На заре своей деятельности будущий архитектор много работал по религиозной тематике: создавал иконостасы, реставрировал старые храмы и возводил новые. Так, Марфо-Мариинская обитель в Замоскворечье — в прямом смысле его рук дело. Чтобы максимально сохранить ощущение неровности древних образцов, все рисунки и чертежи делались без линейки. Щусев возводил, Михаил Нестеров и другие художники расписывали помещения.
В 1940-х, когда Покровский собор этого монастыря оказался под угрозой сноса, Щусев вместе с соратниками по Академии архитектуры СССР грудью встал на его защиту.
До революционных событий 1917 года Щусев успел построить более 30 церквей. Какие-то из них впоследствии были разрушены, другие «сменили профиль», превратившись в клубы и прочие нужные советской власти учреждения.

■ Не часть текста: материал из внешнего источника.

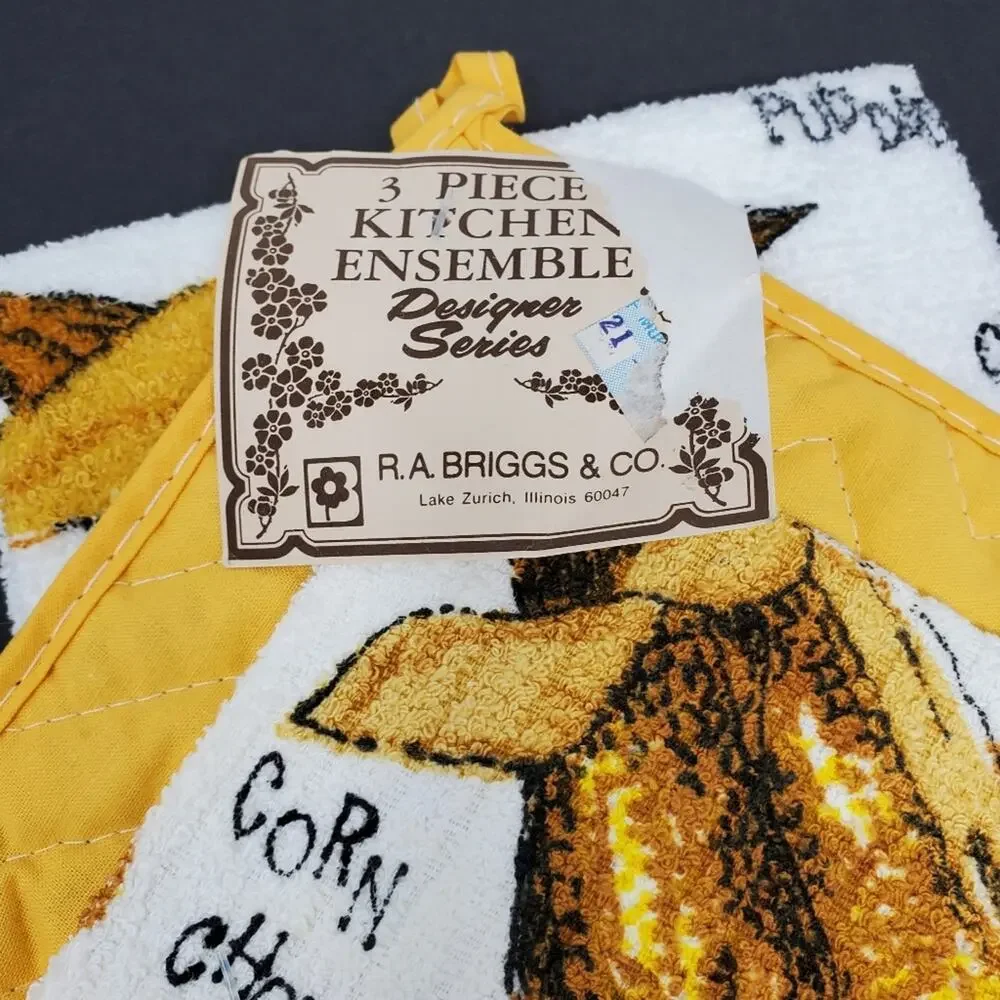 R.A. Briggs & Co 3 Pc Kitchen Ensemble of Corn themed kitchen Linens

Спасение благодаря Мавзолею
Октябрьская революция застала Щусева в самом расцвете жизненных сил и профессионального пути. Едва ли дворянин по рождению хотя бы частично разделял идеалы, близкие Владимиру Ленину или тем более Льву Троцкому, и точно не пытался приспособиться, как пошедшие вслед за ними новые «хозяева жизни». Не приняв советский строй, Россию навсегда покинуло много коллег Щусева, начиная с Николая Краснова, спроектировавшего Ливадийский дворец, ялтинскую набережную и десятки других известных объектов в Крыму, а после эмиграции пустившего свое творчество на украшение облика Белграда. Однако Щусев остался. Это было «его» время, невзирая на политические обстоятельства. Он был востребован, как никто другой.
Щусев вполне мог стать главным архитектором реконструкции Москвы, однако его проект, предложенный еще в начале 1920-х, подвергся резкой критике. Среди прочего предполагалось превратить Кремль в музей, перенести общественный центр в Петровский парк и развивать планировку города с исторически свойственными Москве радиально-кольцевыми магистралями. Авторы Генплана 1935 года Владимир Семенов и Сергей Чернышев заимствуют у Щусева отдельные решения, но в целом идеи архитектора признают провальными.

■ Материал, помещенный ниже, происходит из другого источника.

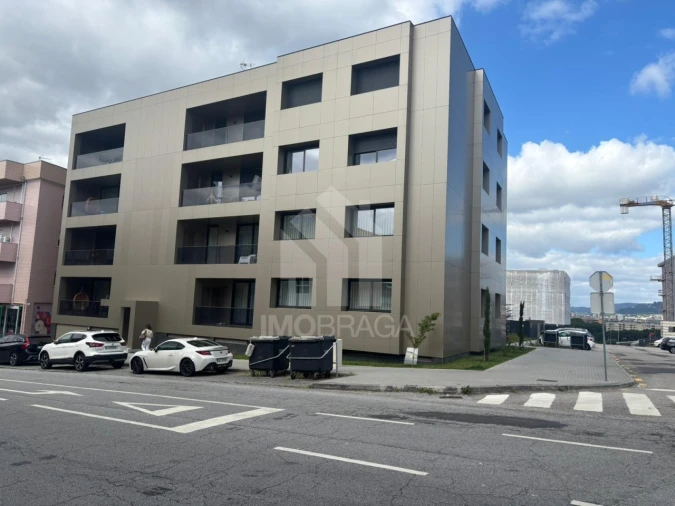 Apartamento T3 para Venda em Ferreiros e Gondizalves Foto 27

Считается, что жестокой кары он избежал исключительно благодаря возведению Мавзолея.
Как известно, в комиссию по разработке прообраза уже не временной деревянной, а постоянной и каменной усыпальницы Ленина в январе 1925 года были переданы 117 эскизов и предложений из регионов Советского Союза и из-за рубежа. Победил проект Щусева — его задумку мы имеем возможность лицезреть в самом сердце Москвы до сих пор.
Мотив для «Двенадцати стульев»
Щусев — один из тех, кто придал современный облик исторической Каланчевке. Если Ленинградский и Ярославский вокзалы в целом сохранили свой дореволюционный вид, то здание находящегося через дорогу Казанского вокзала было заново выстроено в неорусском (или псевдорусском) стиле, причем работы стартовали еще до Первой мировой войны, в 1913 году, а завершились в начале Второй мировой, в 1940-м.

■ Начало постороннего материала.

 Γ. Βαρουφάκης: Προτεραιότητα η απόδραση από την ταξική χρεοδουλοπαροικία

36-летний Щусев выиграл конкурс на право возглавить проект при Николае II в 1910-м, когда практически ничто не указывало на достаточно скорую радикальную смену привычного уклада общественно-политической жизни. Новый вокзал, потребность в котором вместо первоначального Рязанского возникла после прокладки железной дороги до Казани, должен был стать московскими «Воротами на Восток».
Победивший вариант Щусева предполагал архитектурные отсылки, призванные символизировать связь Европы и Азии.
Вход в здание напоминает центральную пятиярусную дозорную башню Казанского кремля — Сююмбике, а на 72-метровый шпиль был посажен символ этого города крылатый дракон Зилант. Напротив, левая башня вокзала похожа на Кутафью башню московского Кремля, а наличники окон вызывают ностальгию по барочным украшениям XVIII века.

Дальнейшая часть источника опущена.